◆ Work to complete: Give back, exactly and with nothing else, the lines running from the one that contains "Couch with Ottoman" to the end of the entries below; do not include pictures.

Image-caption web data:
===============
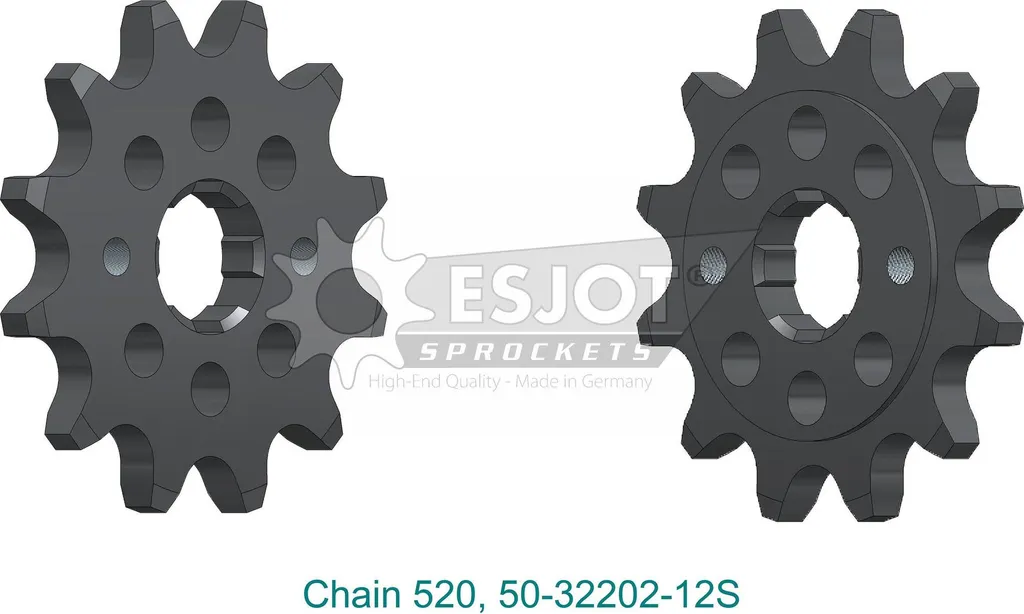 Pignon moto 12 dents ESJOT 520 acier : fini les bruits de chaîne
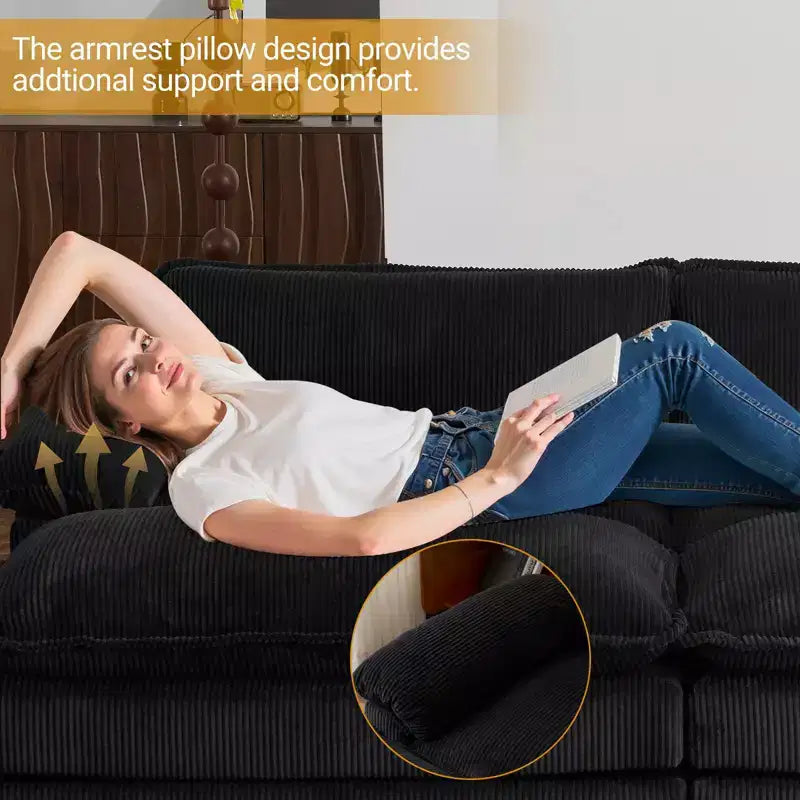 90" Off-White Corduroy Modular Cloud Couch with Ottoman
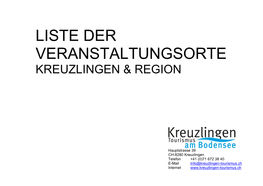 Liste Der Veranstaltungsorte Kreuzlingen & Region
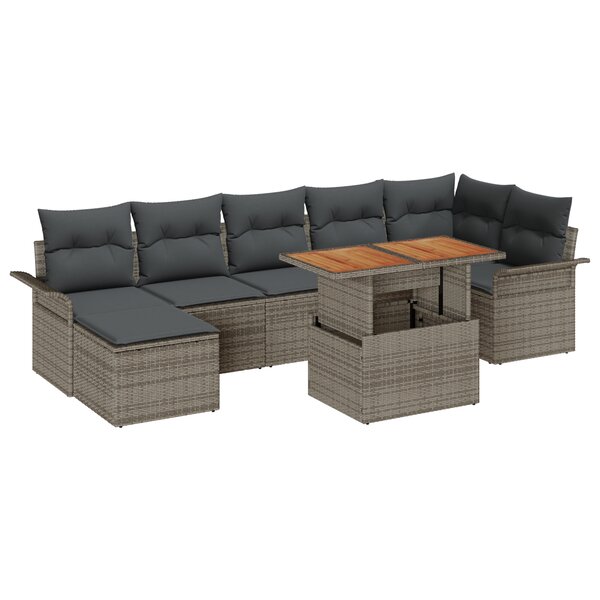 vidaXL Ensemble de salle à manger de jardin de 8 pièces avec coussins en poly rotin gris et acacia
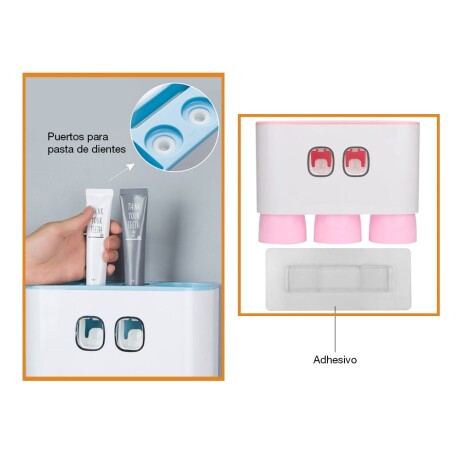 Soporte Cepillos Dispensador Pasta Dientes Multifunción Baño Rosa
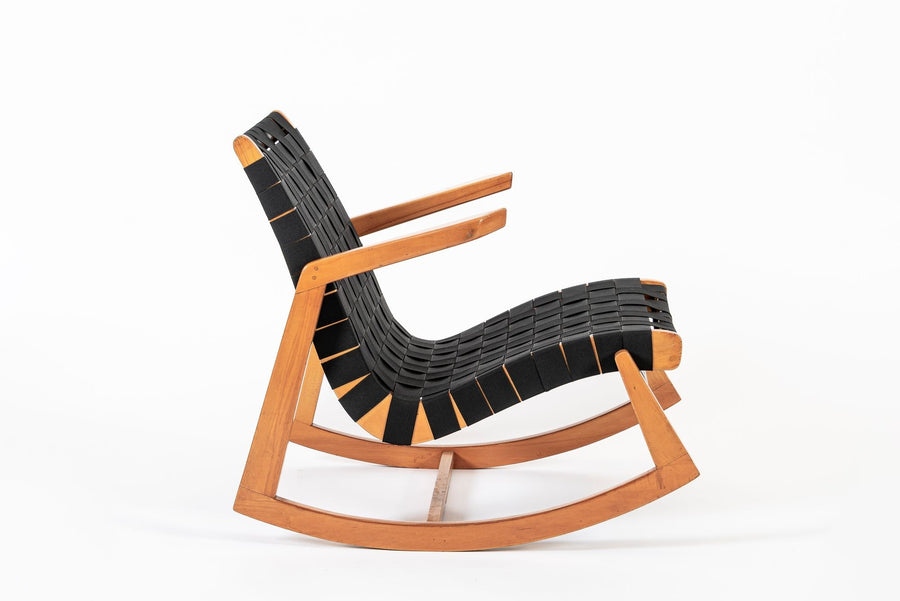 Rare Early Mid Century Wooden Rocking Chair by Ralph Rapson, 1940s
===============
◆ Task answer:
 90" Off-White Corduroy Modular Cloud Couch with Ottoman
 Liste Der Veranstaltungsorte Kreuzlingen & Region
 vidaXL Ensemble de salle à manger de jardin de 8 pièces avec coussins en poly rotin gris et acacia
 Soporte Cepillos Dispensador Pasta Dientes Multifunción Baño Rosa
 Rare Early Mid Century Wooden Rocking Chair by Ralph Rapson, 1940s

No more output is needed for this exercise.